Required work: Copy the lines below exactly, starting at the one with "Indonesië Indonesia Merdeka" and ending at the one with "Killing Crickets Episode", and leave out any picture.

[Source records]

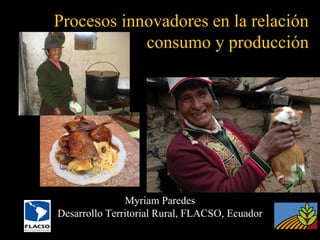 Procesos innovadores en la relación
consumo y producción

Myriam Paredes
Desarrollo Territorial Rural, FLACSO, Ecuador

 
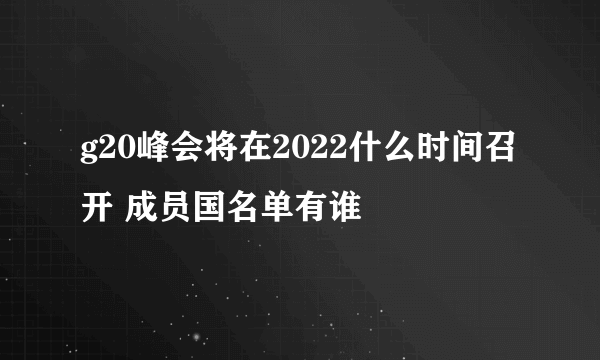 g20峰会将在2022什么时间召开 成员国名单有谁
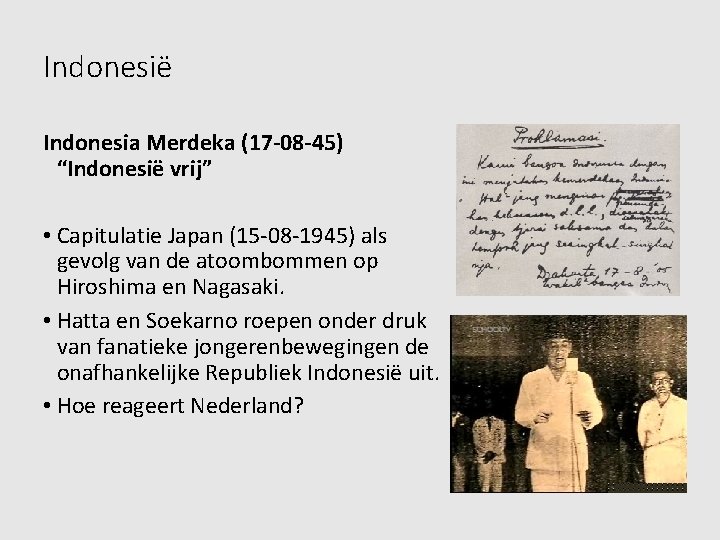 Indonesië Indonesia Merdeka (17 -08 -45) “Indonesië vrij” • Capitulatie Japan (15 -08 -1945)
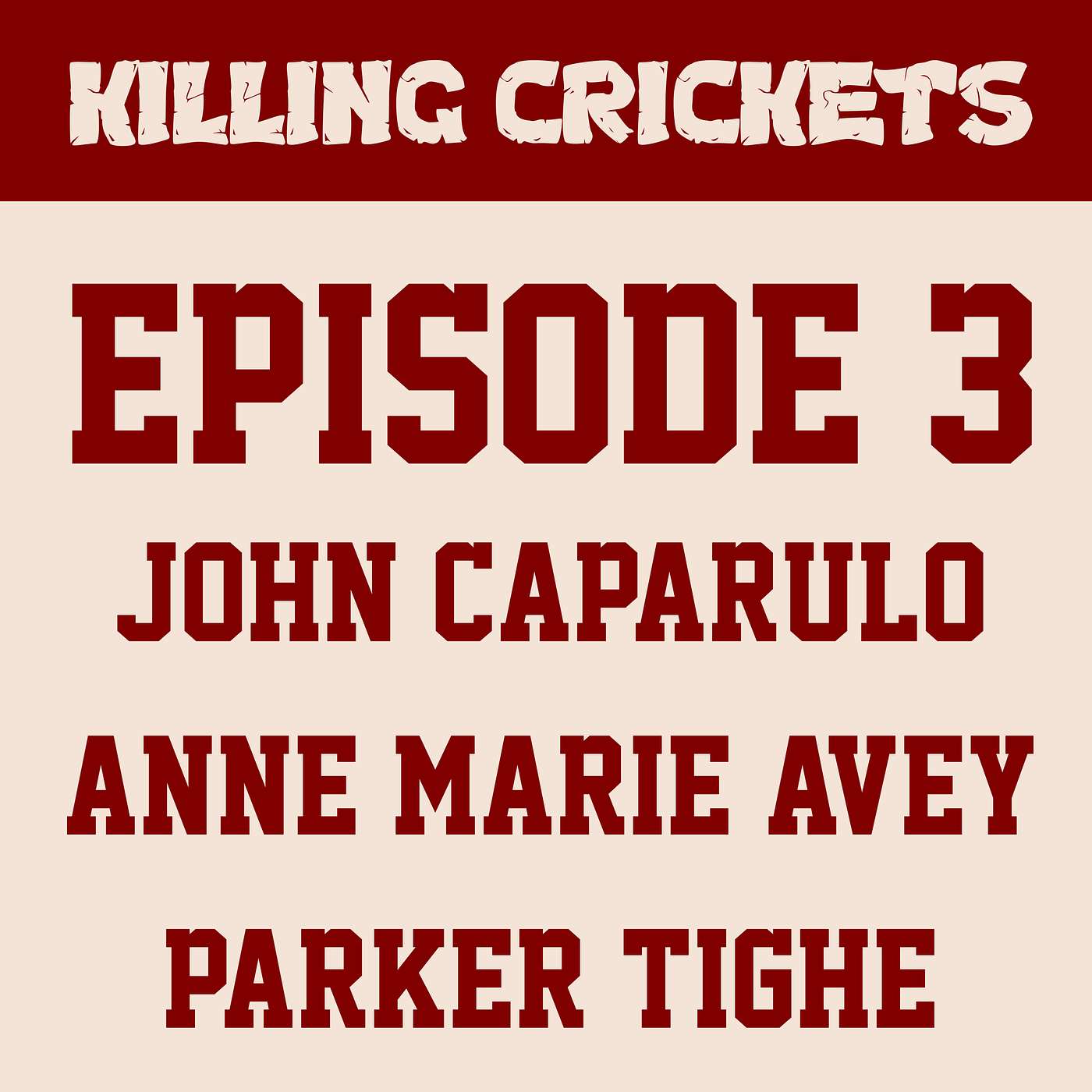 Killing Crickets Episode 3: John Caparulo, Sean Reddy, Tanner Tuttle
==
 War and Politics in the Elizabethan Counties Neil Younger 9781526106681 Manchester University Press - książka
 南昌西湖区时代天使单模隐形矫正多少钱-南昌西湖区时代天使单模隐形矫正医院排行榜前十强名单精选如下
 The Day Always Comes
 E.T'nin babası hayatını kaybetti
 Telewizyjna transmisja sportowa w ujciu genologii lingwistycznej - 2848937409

Solution to the problem:
 Indonesië Indonesia Merdeka (17 -08 -45) “Indonesië vrij” • Capitulatie Japan (15 -08 -1945)
 Killing Crickets Episode 3: John Caparulo, Sean Reddy, Tanner Tuttle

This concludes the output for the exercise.